In the copy, keep the lines from the first line of the material below through the line containing "South Park Township" exactly as they are, and include no pictures.
BEGIN Data
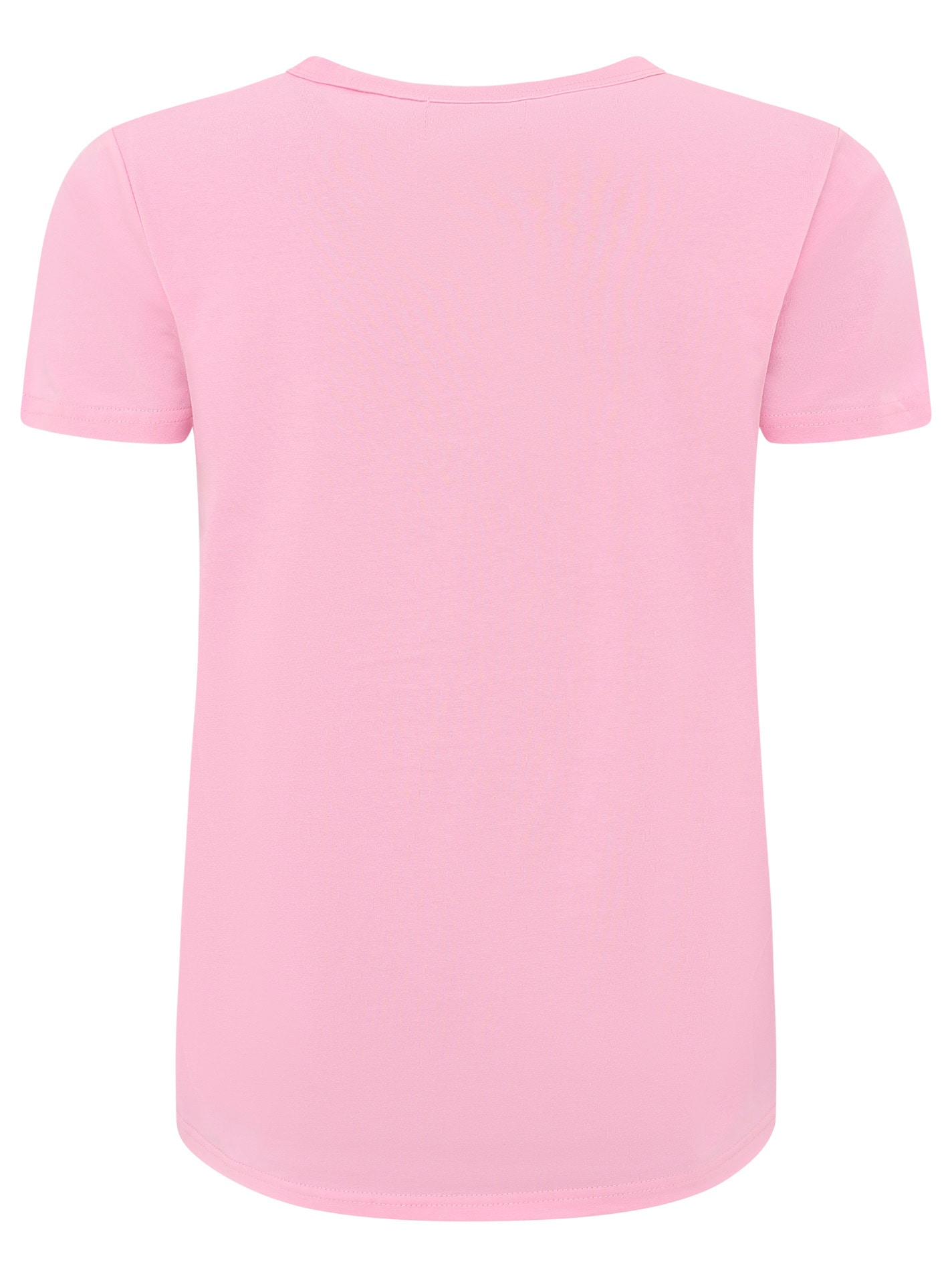 Zwillingsherz T-Shirt »"Always Believe"« Stickerei, Leoherzen, Rundhals, kurzarm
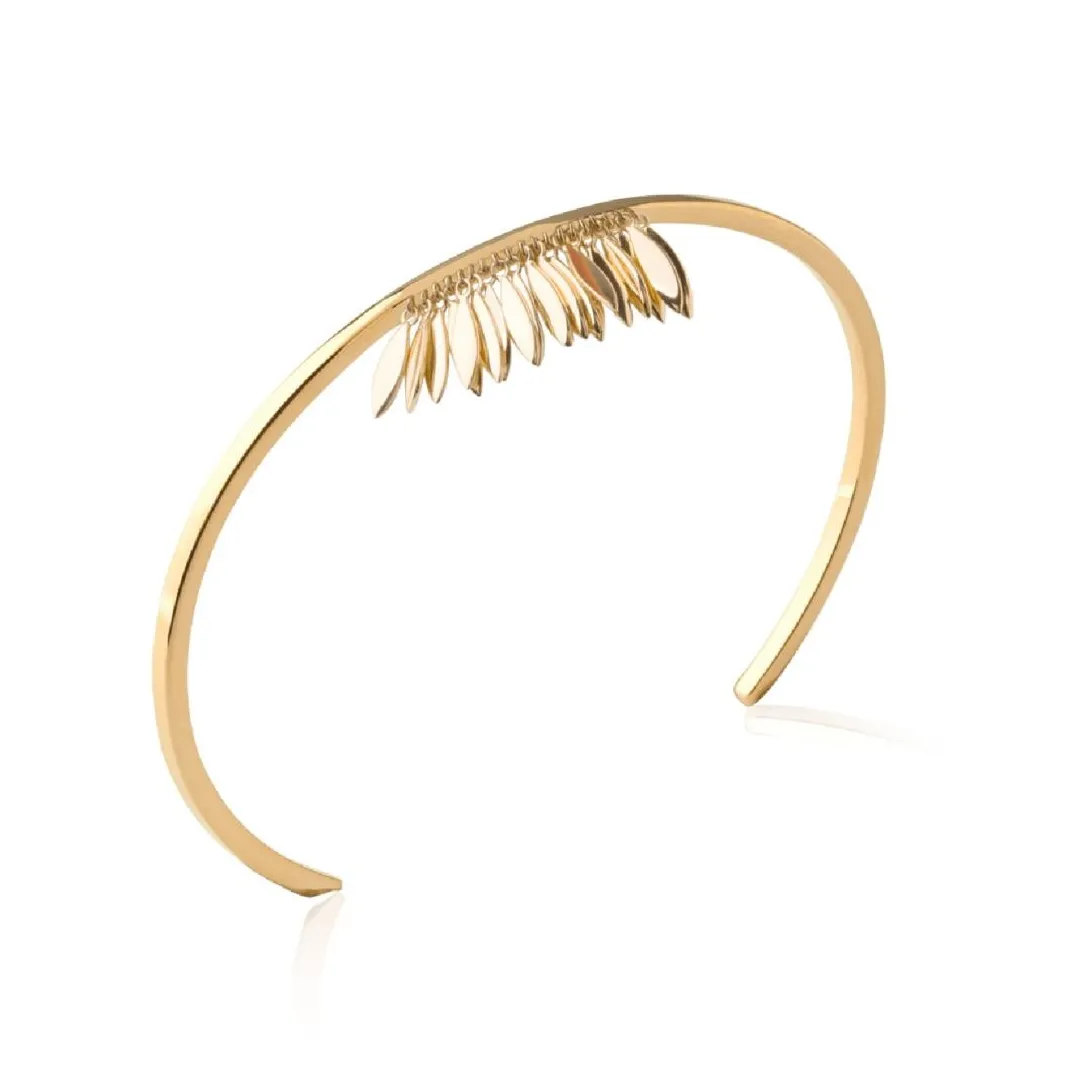 Maison de la Bijouterie Jonc femme Sensimio UYZ4U556 Plaqué or | Femme Bracelet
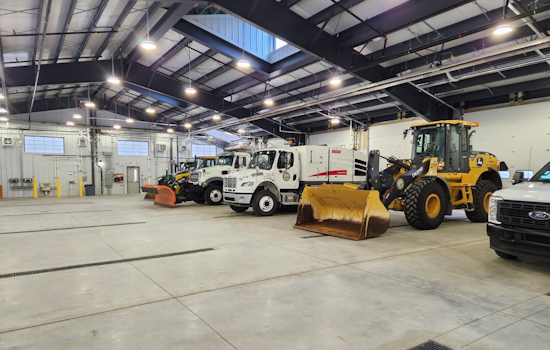 South Park Township Unveils New Eco-Friendly Public Works Facility with Enhanced Winter Ops Capability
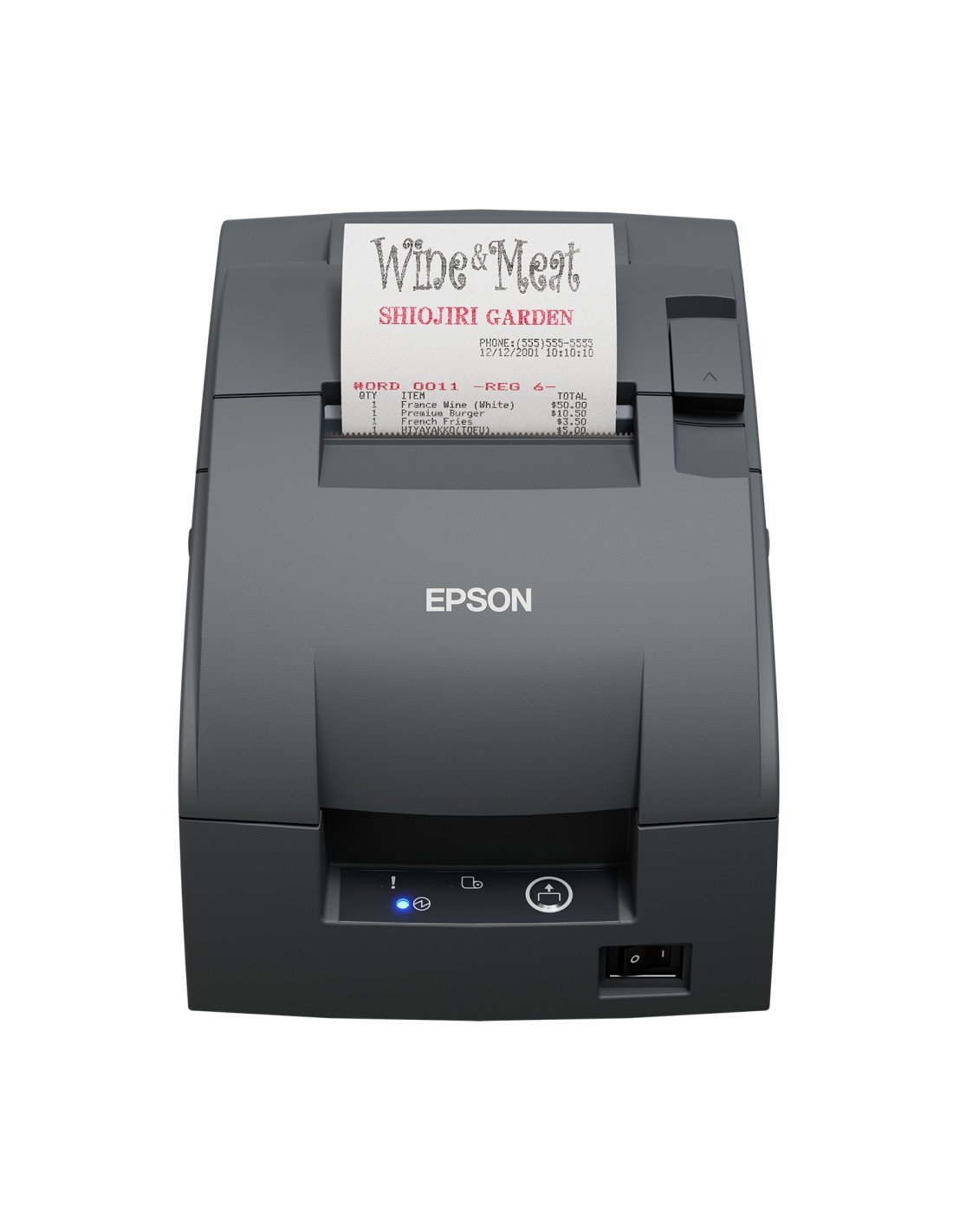 Epson TM-U220IIB (102) Alámbrico Matriz de punto Impresora de recibos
END Data
Response for this exercise:
 Zwillingsherz T-Shirt »"Always Believe"« Stickerei, Leoherzen, Rundhals, kurzarm
 Maison de la Bijouterie Jonc femme Sensimio UYZ4U556 Plaqué or | Femme Bracelet
 South Park Township Unveils New Eco-Friendly Public Works Facility with Enhanced Winter Ops Capability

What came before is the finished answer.